--- DESCRIPTION OF THE TASK ---
Using the listing below, retype only the lines from the line with "Casa Térrea à" through the end, both ends included, and exclude the pictures.

--- STORED DATA ---
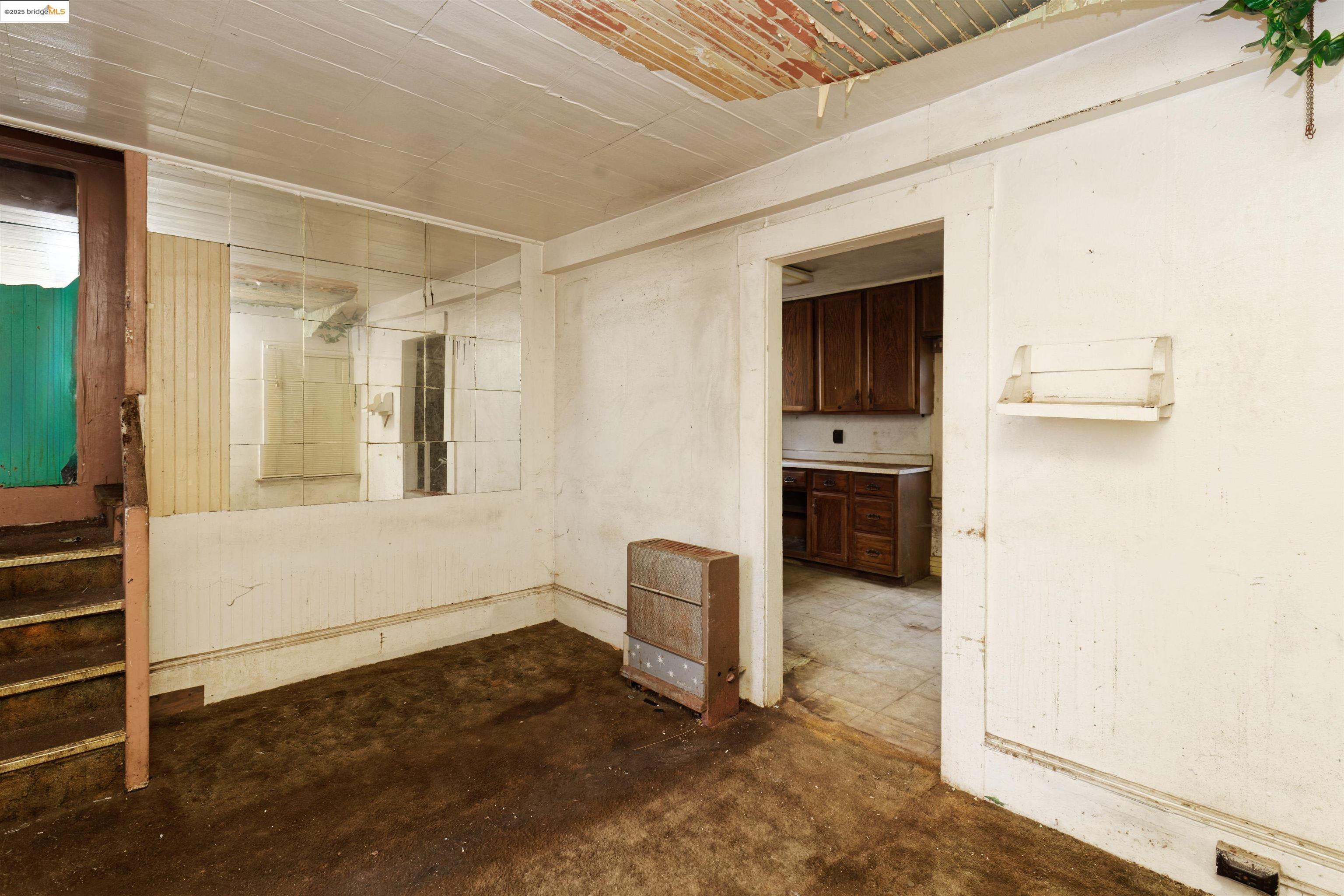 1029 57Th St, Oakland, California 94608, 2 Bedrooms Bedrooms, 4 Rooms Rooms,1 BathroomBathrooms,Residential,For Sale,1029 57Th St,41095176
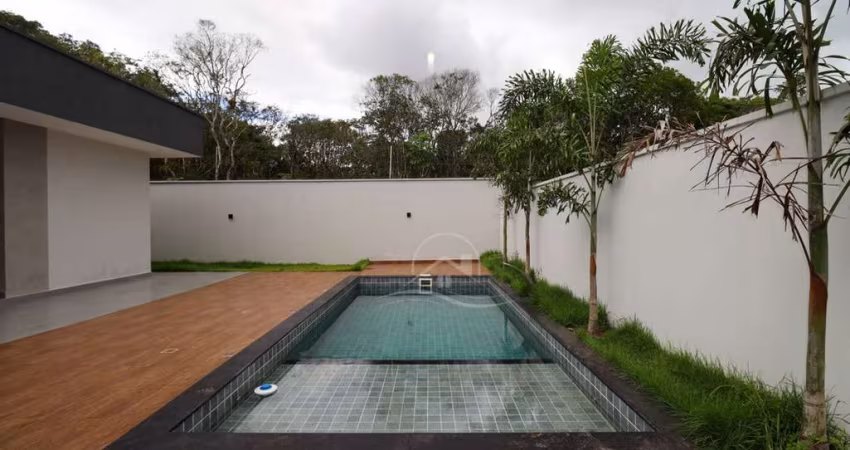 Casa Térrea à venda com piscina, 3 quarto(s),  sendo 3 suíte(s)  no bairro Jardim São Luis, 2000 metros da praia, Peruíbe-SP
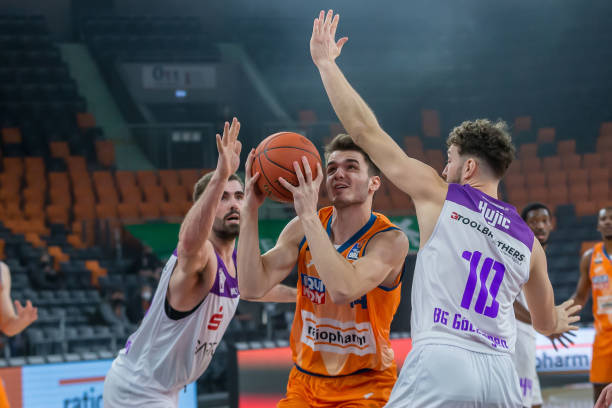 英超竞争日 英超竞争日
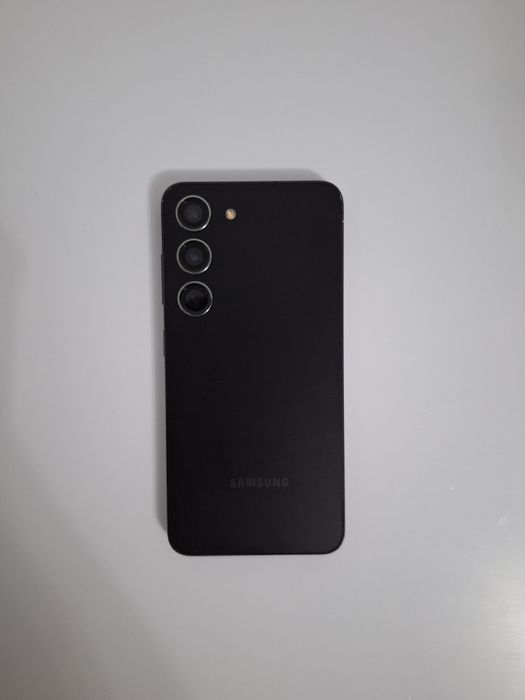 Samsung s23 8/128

--- RESULT FOR THIS EXERCISE ---
 Casa Térrea à venda com piscina, 3 quarto(s),  sendo 3 suíte(s)  no bairro Jardim São Luis, 2000 metros da praia, Peruíbe-SP
 英超竞争日 英超竞争日
 Samsung s23 8/128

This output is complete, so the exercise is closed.